Use four questions to decide between a landing page, a prototype, and an MVP.

1) What type of decision do you need next?

  • If you need to validate the problem or willingness to talk, a landing page is enough.
  • If you need to validate the workflow or mental model, a prototype is the right next step.
  • If you need to validate actual usage or data flow, you need an MVP.

Landing pages are about messaging. Prototypes are about interaction. MVPs are about real behavior.

2) How falsifiable is your hypothesis?

If a “no” result is hard to interpret, you should not spend engineering time.

  • Landing page: best for hypotheses like “Founders who run paid pilots will request a call.”
  • Prototype: best for “Users understand the flow without guidance.”
  • MVP: best for “Teams will return weekly to update their pipeline.”

The stronger your falsifiability, the smaller the surface you need.

3) How costly is the wrong answer?

If a wrong answer puts you months off course, move one rung up. For example, a landing page can validate demand for a B2B workflow, but if the workflow is complex, a prototype might be necessary before committing to a pricing model.

4) How much operational overhead can you afford?

Landing pages are cheap to iterate and have almost zero operational cost. Prototypes are heavier to create but still low-maintenance. MVPs create data, support, and uptime expectations. The overhead itself can distort results if it slows your iteration cycle. (This is the core argument in “Validation landing pages shouldn’t be overhead”.)

When a validation landing page is the right move

Choose a landing page when your uncertainty is primarily positioning or target segment. It is also ideal if you are still testing different problem statements.

A landing page gives you:

  • A clean signal on messaging and objections.
  • A way to run founder-led outreach with a credible surface.
  • A repeatable asset you can reuse across tests.

If you need to decide between build paths or target customers, a landing page is the cheapest way to compare.

If you are unsure which tool to build it with, see the comparison in “Astro vs Framer/Webflow for MVP validation landing pages”.

When a clickable prototype is the right move

Prototypes are best when you need interaction evidence but not real data. They answer questions like:

  • “Will users find this feature without a walkthrough?”
  • “Does the order of steps make sense?”
  • “Does this pricing model feel fair when attached to a workflow?”

A prototype is also useful when your landing page converts well but calls reveal confusion about how the product actually works. If your problem is understood but the solution is unclear, move to a prototype before writing production code.

When a thin MVP is justified

Build a thin MVP when the central risk is behavioral. Examples:

  • A usage pattern must repeat weekly to be viable.
  • A workflow depends on real data from integrations.
  • Value only appears after the second or third session.

A thin MVP should still be very small, but it must be real. Fake buttons can mislead here. If you need to measure retention, you need a working product surface.

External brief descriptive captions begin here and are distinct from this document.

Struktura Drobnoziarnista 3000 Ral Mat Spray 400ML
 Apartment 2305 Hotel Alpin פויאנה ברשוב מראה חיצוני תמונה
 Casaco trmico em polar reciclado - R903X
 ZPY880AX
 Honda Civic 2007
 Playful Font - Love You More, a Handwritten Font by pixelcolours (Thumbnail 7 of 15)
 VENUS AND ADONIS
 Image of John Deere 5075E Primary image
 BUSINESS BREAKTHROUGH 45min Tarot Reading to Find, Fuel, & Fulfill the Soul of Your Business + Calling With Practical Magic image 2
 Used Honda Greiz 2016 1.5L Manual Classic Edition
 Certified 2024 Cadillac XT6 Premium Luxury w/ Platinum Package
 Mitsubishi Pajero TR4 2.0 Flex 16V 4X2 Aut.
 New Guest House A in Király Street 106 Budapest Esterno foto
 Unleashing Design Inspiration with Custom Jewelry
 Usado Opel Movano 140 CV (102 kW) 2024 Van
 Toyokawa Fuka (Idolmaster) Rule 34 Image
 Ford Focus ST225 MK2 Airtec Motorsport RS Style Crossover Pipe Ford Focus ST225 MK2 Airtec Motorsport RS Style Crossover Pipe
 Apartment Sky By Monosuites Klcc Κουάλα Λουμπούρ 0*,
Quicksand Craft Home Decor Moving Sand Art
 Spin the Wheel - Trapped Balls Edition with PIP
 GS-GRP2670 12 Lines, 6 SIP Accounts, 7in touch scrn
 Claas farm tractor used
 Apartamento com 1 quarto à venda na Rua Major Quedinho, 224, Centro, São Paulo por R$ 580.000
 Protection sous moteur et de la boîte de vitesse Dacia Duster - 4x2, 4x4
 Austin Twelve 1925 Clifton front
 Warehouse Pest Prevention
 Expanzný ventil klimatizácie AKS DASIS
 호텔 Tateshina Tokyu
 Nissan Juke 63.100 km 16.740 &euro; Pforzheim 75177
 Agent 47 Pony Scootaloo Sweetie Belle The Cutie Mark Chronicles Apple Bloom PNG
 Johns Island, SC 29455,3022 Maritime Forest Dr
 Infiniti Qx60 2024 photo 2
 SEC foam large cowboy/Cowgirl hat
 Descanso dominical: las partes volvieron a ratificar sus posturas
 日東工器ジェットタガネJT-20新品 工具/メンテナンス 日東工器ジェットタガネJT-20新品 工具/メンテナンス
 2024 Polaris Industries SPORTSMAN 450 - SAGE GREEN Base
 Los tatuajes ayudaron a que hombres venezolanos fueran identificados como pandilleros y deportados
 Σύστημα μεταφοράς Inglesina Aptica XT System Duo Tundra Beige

Three practical heuristics

The “minimum believable artifact” rule

Build the smallest thing that a skeptical user would consider real. For some markets, that is just a landing page. For others (e.g., compliance or finance), it might require a working flow.

The “conversation to usage ratio” rule

If you can get 10 high-quality conversations from a landing page within a week, keep it. If conversations stall because people need to see the product, move to a prototype.

The “time-to-evidence” rule

If a prototype buys you evidence in 2–3 days, use it. If it takes two weeks, it might be slower than running more landing page tests.

Example decisions in practice

  • B2B analytics tool: Start with a landing page to validate segment and pain. Move to a prototype once you see consistent inbound interest.
  • Consumer habit app: Landing page alone is weak. A prototype to test onboarding flow is more valuable before building.
  • Operations tool with integrations: Landing page for initial demand, then a thin MVP because the integration is the core risk.

The short version

Use a landing page to test messaging and intent, a prototype to test workflows, and an MVP to test real behavior. The mistake is not choosing one, it is choosing the wrong rung for the evidence you need next.